Your objective:
Set down exactly the lines from the one containing "running GIF by South Park" to the final line of the records below, with every picture omitted.

Records to use:
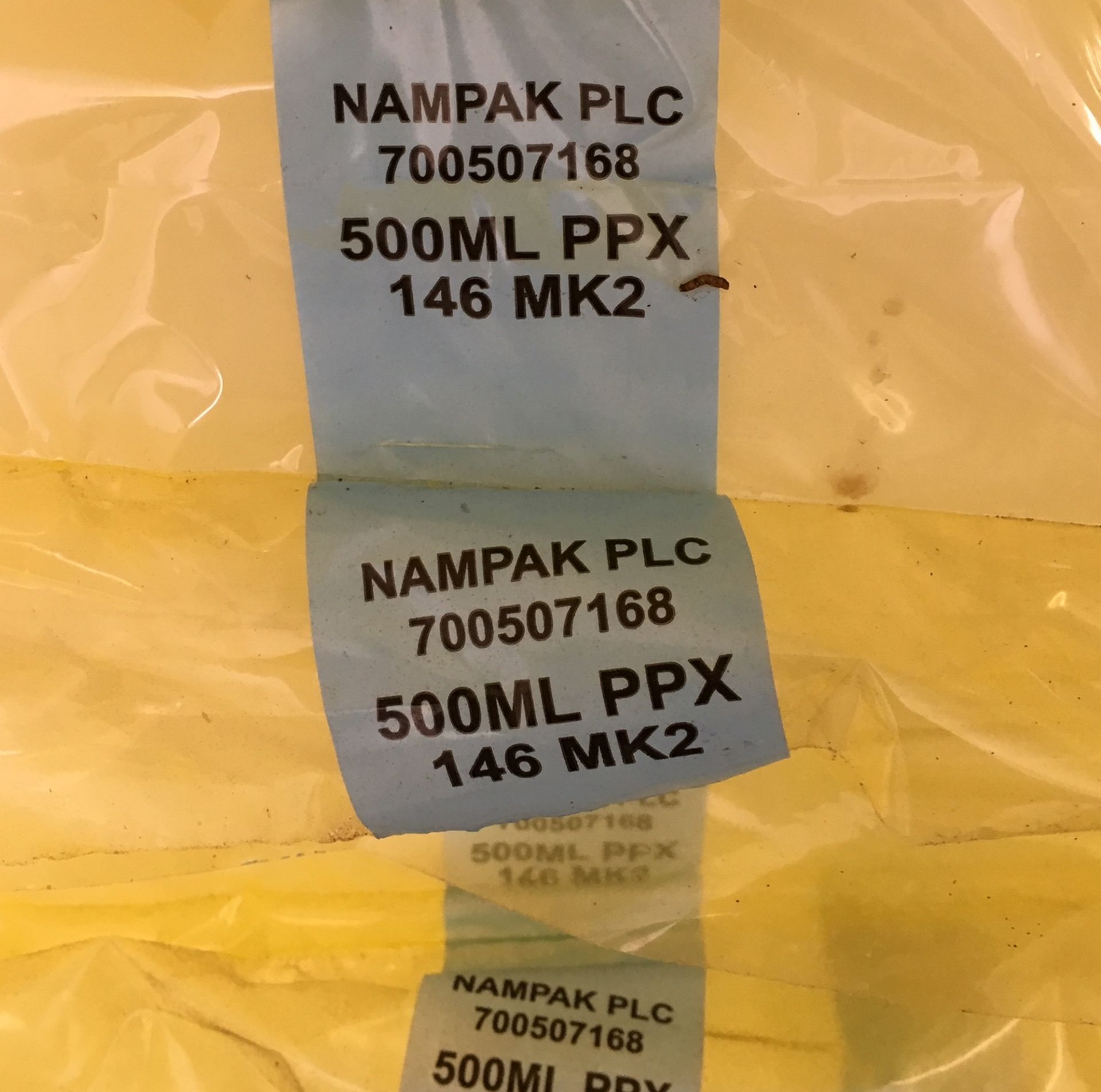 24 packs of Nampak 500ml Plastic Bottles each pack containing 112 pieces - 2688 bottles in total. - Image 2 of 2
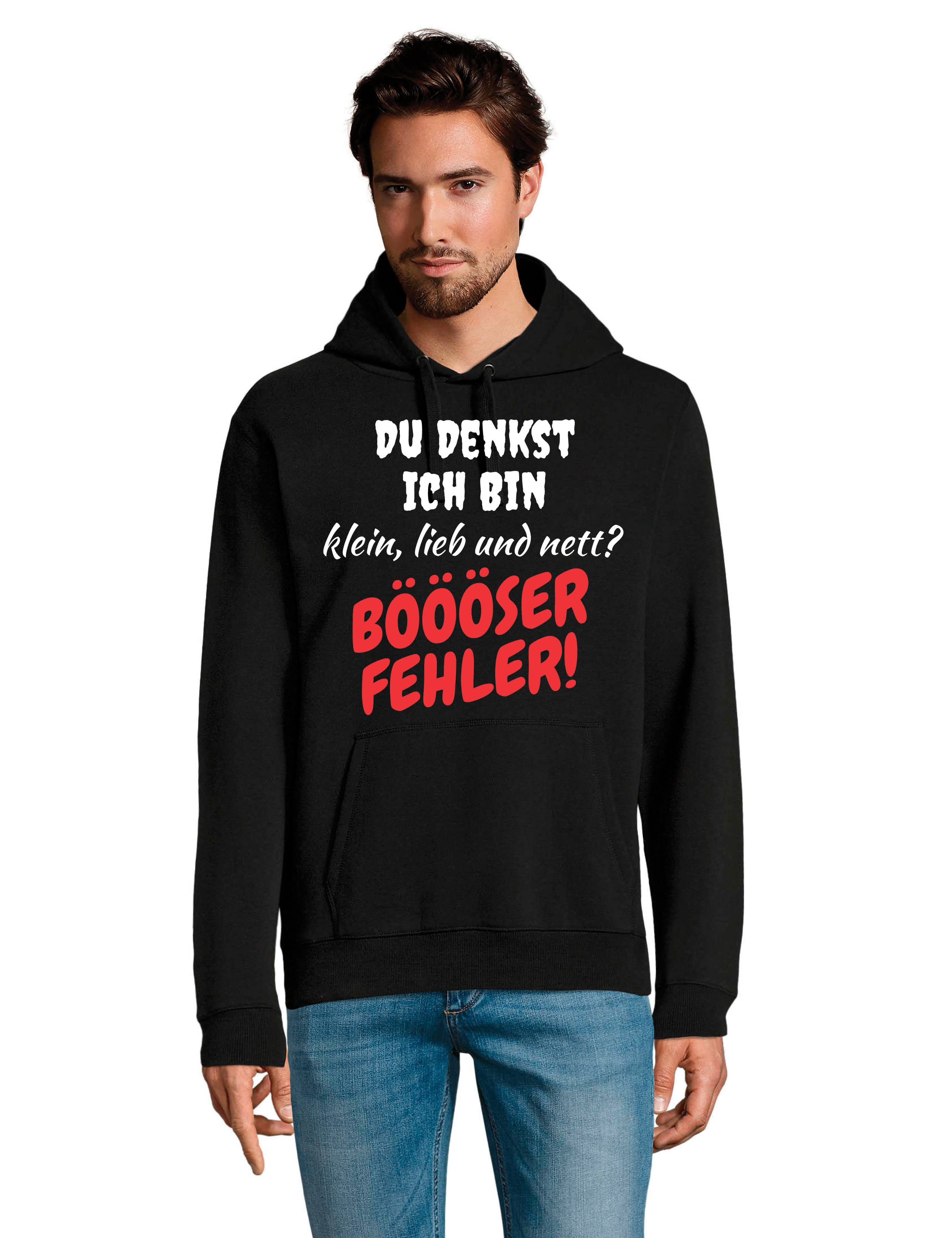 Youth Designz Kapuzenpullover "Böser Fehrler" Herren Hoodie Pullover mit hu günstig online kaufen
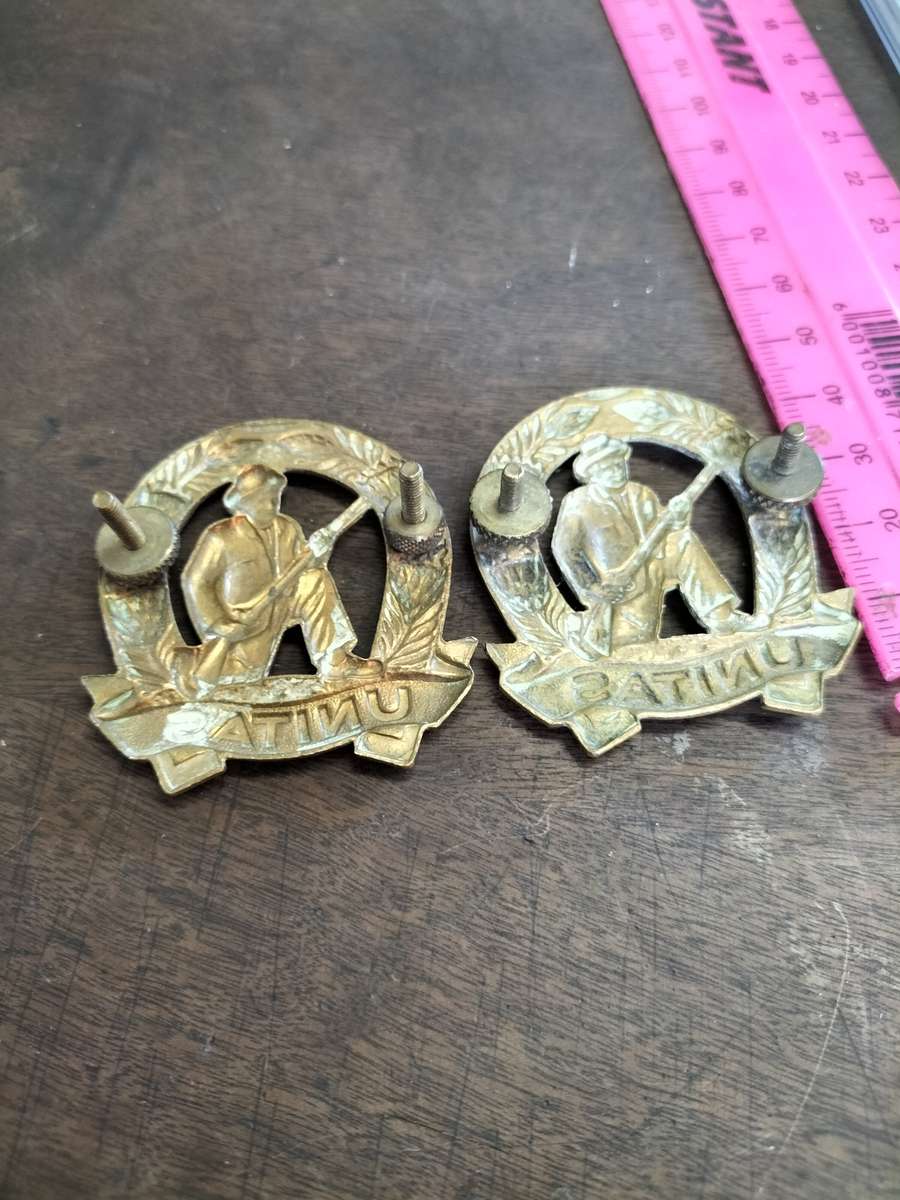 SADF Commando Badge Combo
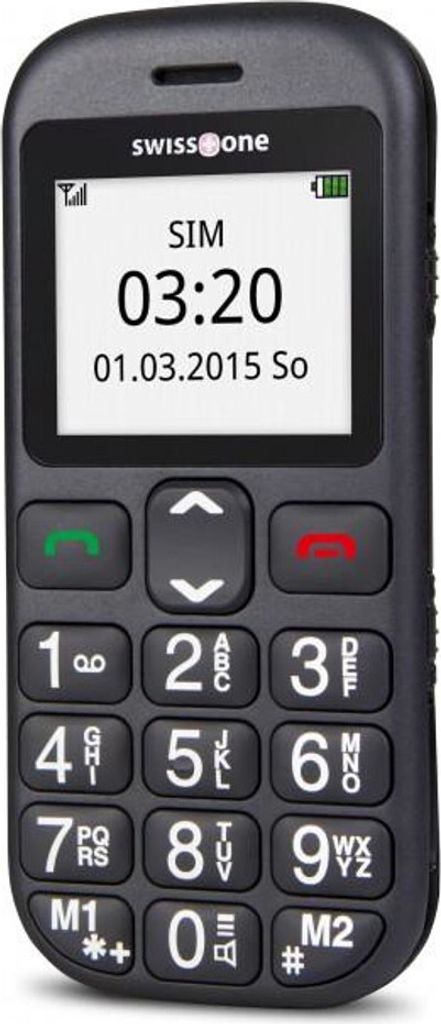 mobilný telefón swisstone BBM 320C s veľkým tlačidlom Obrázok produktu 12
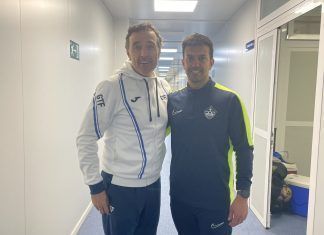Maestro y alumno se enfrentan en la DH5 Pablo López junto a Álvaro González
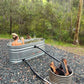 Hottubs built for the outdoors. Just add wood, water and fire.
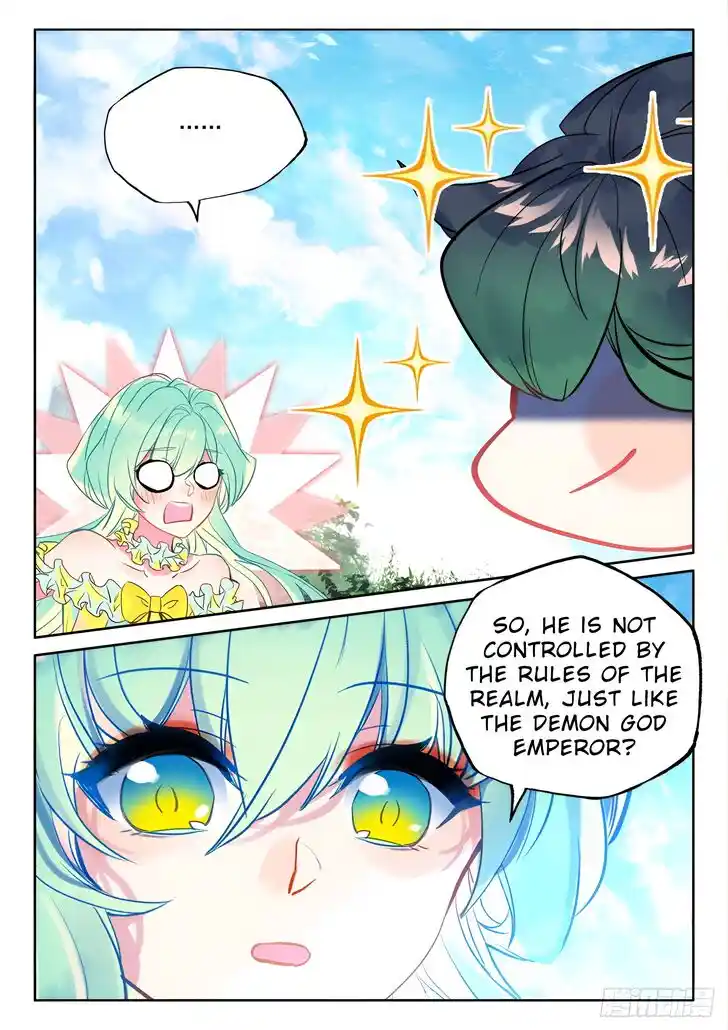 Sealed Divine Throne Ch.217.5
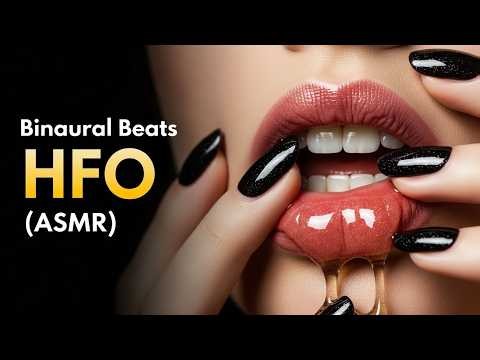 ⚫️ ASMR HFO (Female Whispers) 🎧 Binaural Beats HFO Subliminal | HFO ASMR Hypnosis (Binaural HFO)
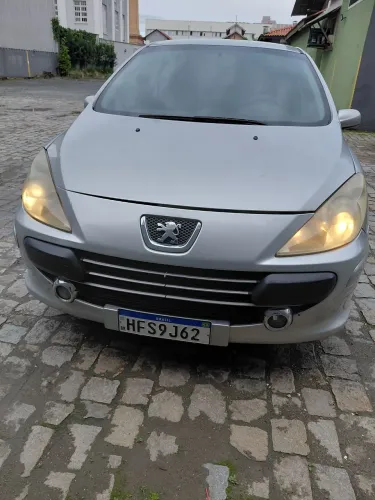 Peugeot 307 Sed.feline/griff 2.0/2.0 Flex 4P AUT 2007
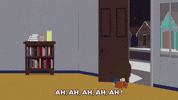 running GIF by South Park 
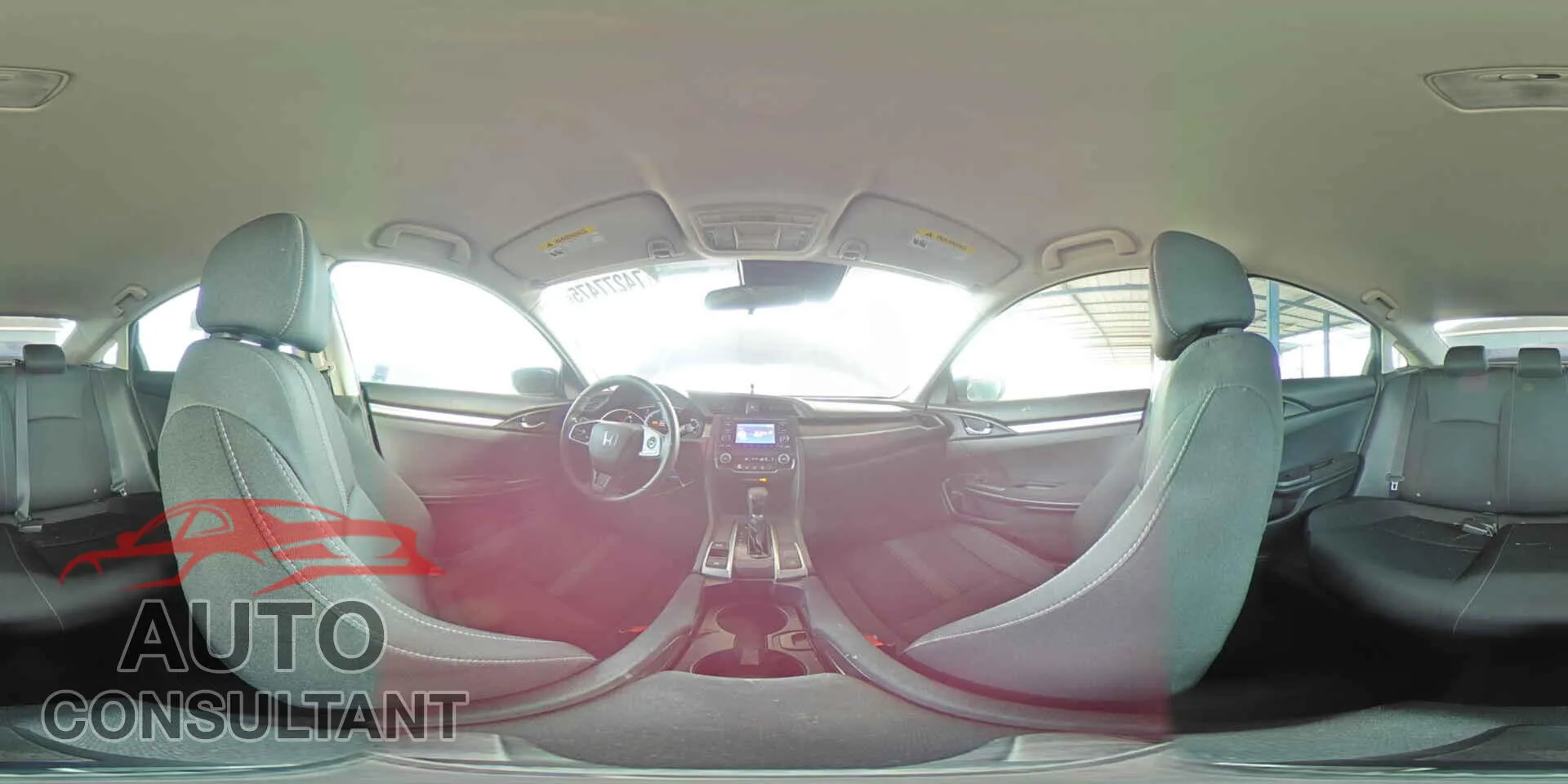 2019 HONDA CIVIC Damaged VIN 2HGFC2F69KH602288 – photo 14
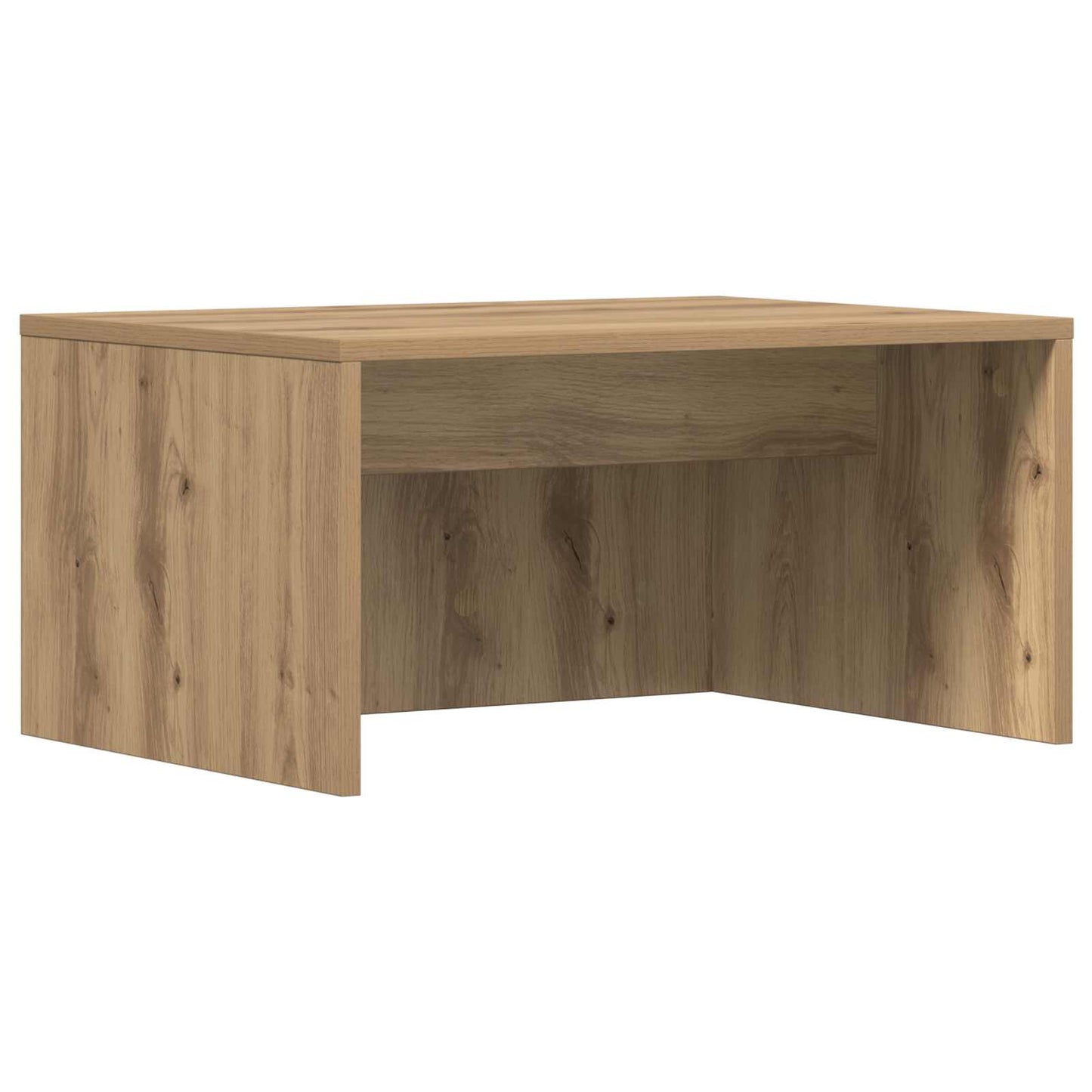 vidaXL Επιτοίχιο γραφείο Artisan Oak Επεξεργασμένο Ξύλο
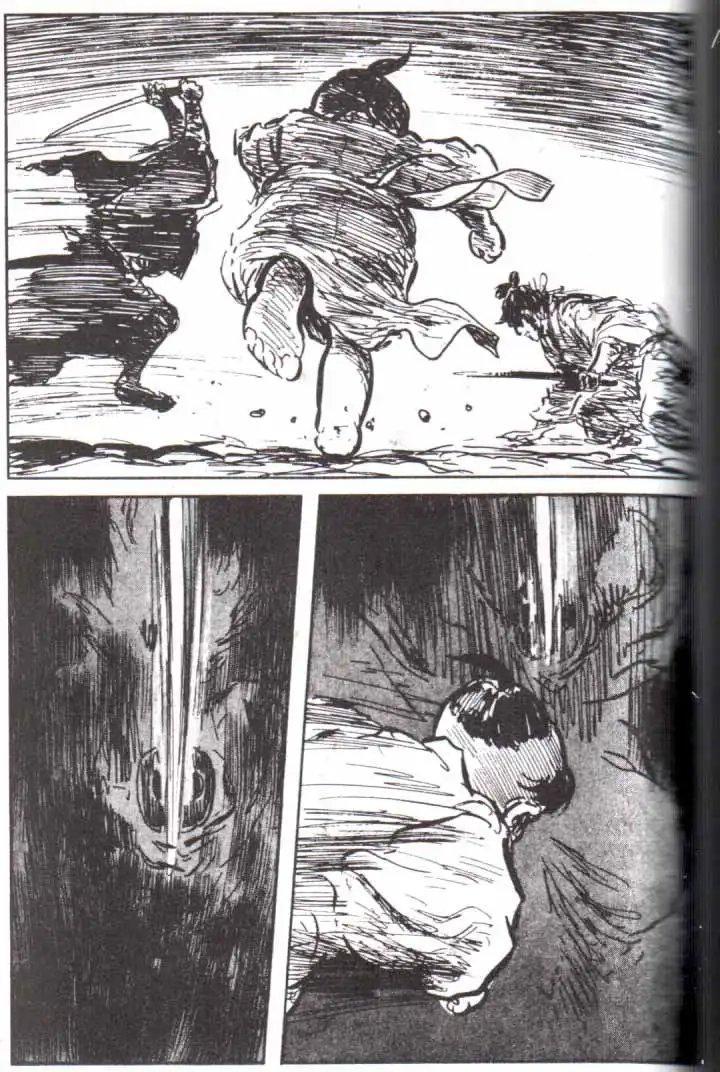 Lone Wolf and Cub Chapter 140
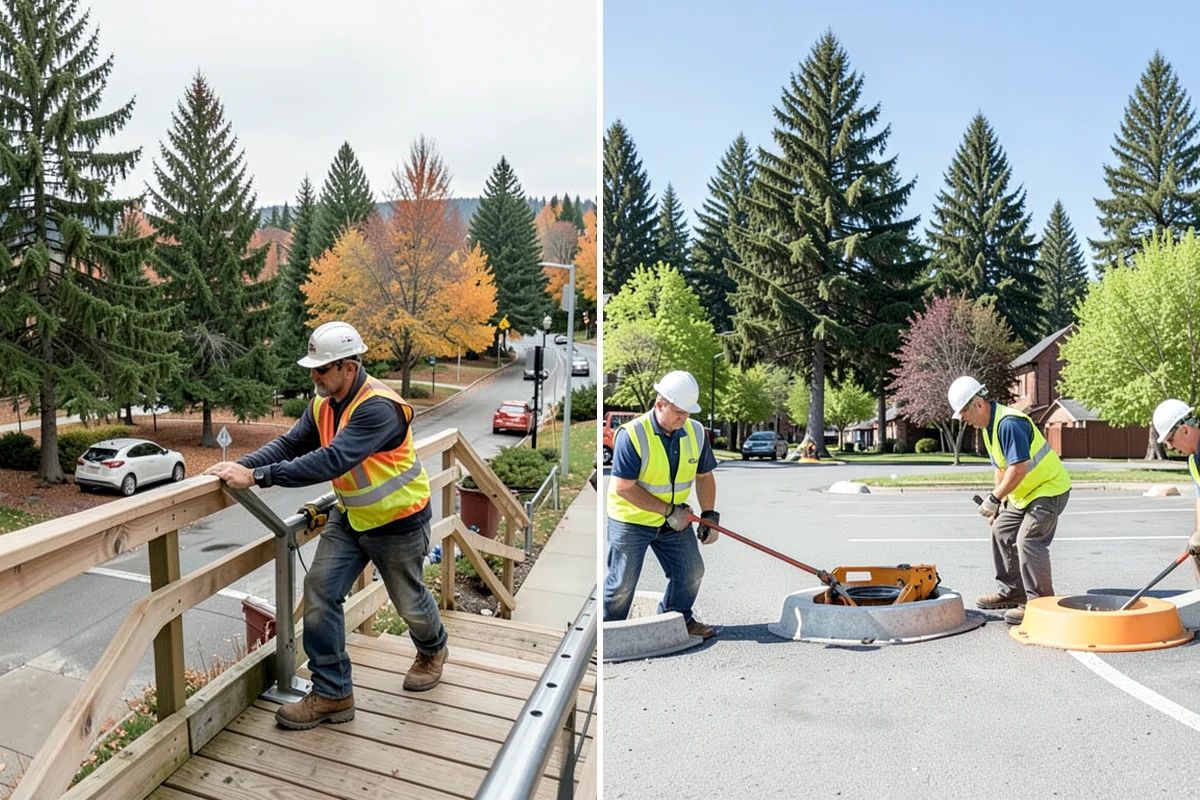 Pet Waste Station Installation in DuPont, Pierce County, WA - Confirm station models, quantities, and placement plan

Exercise solution:
 running GIF by South Park 
 2019 HONDA CIVIC Damaged VIN 2HGFC2F69KH602288 – photo 14
 vidaXL Επιτοίχιο γραφείο Artisan Oak Επεξεργασμένο Ξύλο
 Lone Wolf and Cub Chapter 140
 Pet Waste Station Installation in DuPont, Pierce County, WA - Confirm station models, quantities, and placement plan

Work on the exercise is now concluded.